**Exercise prompt**
Do not include the pictures; repeat the rest of the data exactly.

--- Records for the exercise Enclosed Below ---

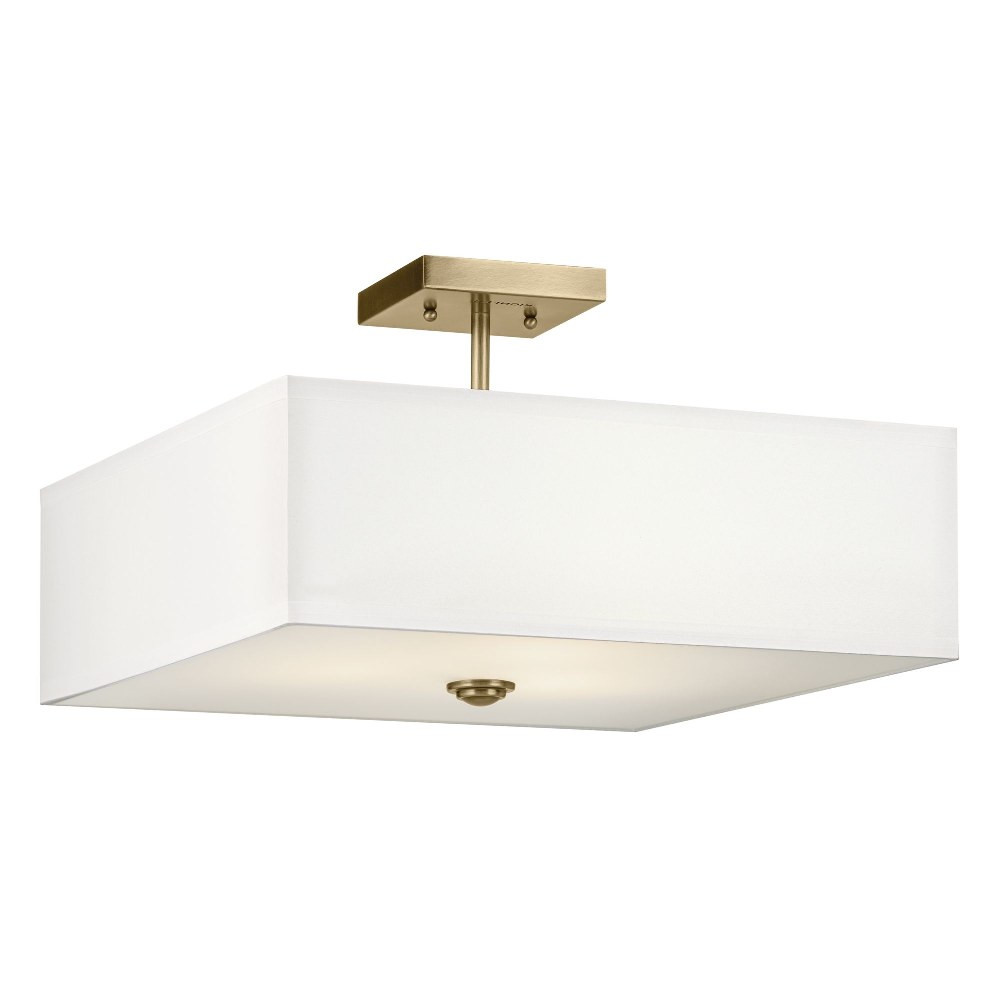 Shailene 3 Light 18 Inch Wide Square Semi Flush Mount by Kichler - 43693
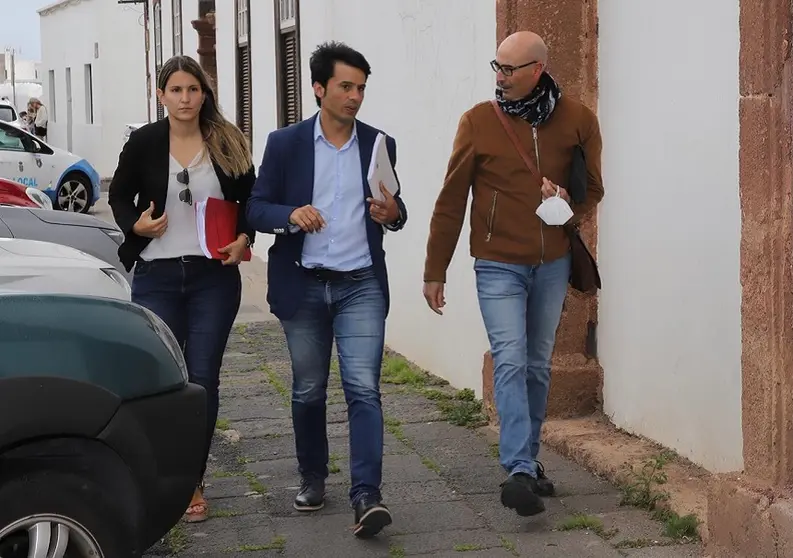 Jennifer Galán, Marcos Bergaz y Benito Rodríguez.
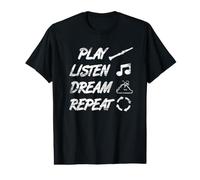Jouer Écouter Rêver Répéter Enthousiaste de la Clarinette T-Shirt Graphique avec Valeur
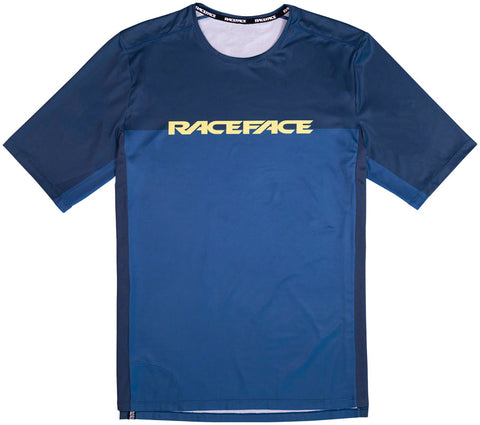 RaceFace Indy Short Sleeve Jersey - Navy Men's Large
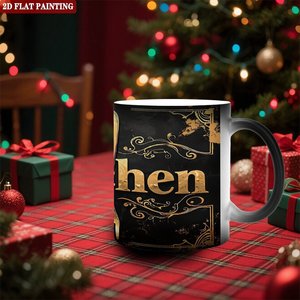 Heat Sensitive <b>Ceramic</b> Mug Frosted Black 11oz Sublimation Blank Coffee Tea <b>Cup</b> - Product Image 2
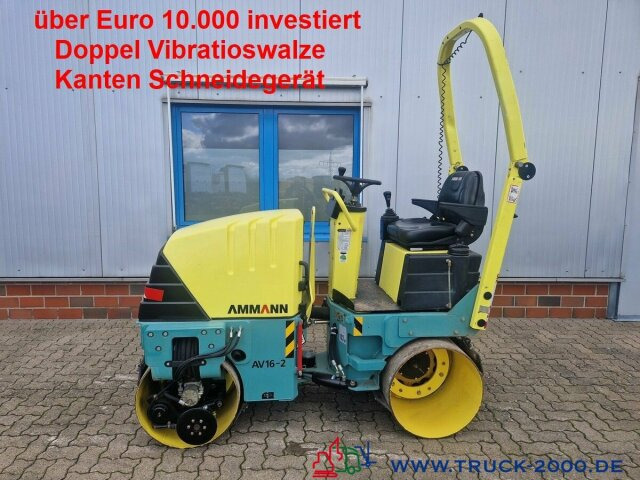 Ammann AV 16-2 Tandem Vibrationswalze Kanten Schneider - Máy lăn: hình 1 Ammann AV 16-2 Tandem Vibrationswalze Kanten Schneider - Máy lăn: hình 1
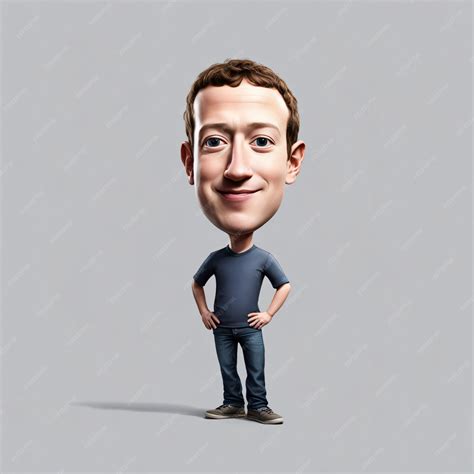 Premium Photo | Mark Zuckerberg Small Body with big head
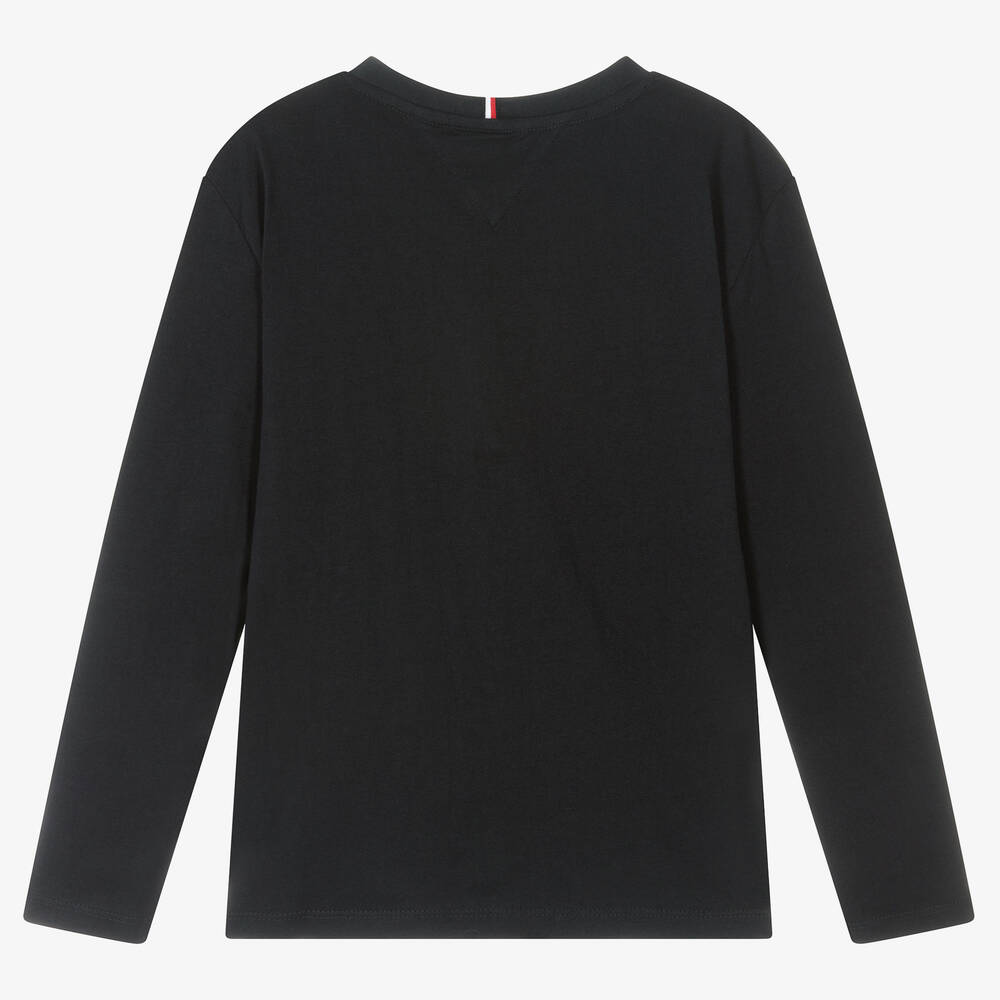 Tommy Hilfiger-Синий хлопковый топ для мальчиков-подростков | Childrensalon Outlet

--- End of Enclosed Records for the exercise ---

**Solution to the problem**
 Shailene 3 Light 18 Inch Wide Square Semi Flush Mount by Kichler - 43693
 Jennifer Galán, Marcos Bergaz y Benito Rodríguez.
Jouer Écouter Rêver Répéter Enthousiaste de la Clarinette T-Shirt Graphique avec Valeur
 RaceFace Indy Short Sleeve Jersey - Navy Men's Large
 Heat Sensitive <b>Ceramic</b> Mug Frosted Black 11oz Sublimation Blank Coffee Tea <b>Cup</b> - Product Image 2
 Ammann AV 16-2 Tandem Vibrationswalze Kanten Schneider - Máy lăn: hình 1 Ammann AV 16-2 Tandem Vibrationswalze Kanten Schneider - Máy lăn: hình 1
 Premium Photo | Mark Zuckerberg Small Body with big head
 Tommy Hilfiger-Синий хлопковый топ для мальчиков-подростков | Childrensalon Outlet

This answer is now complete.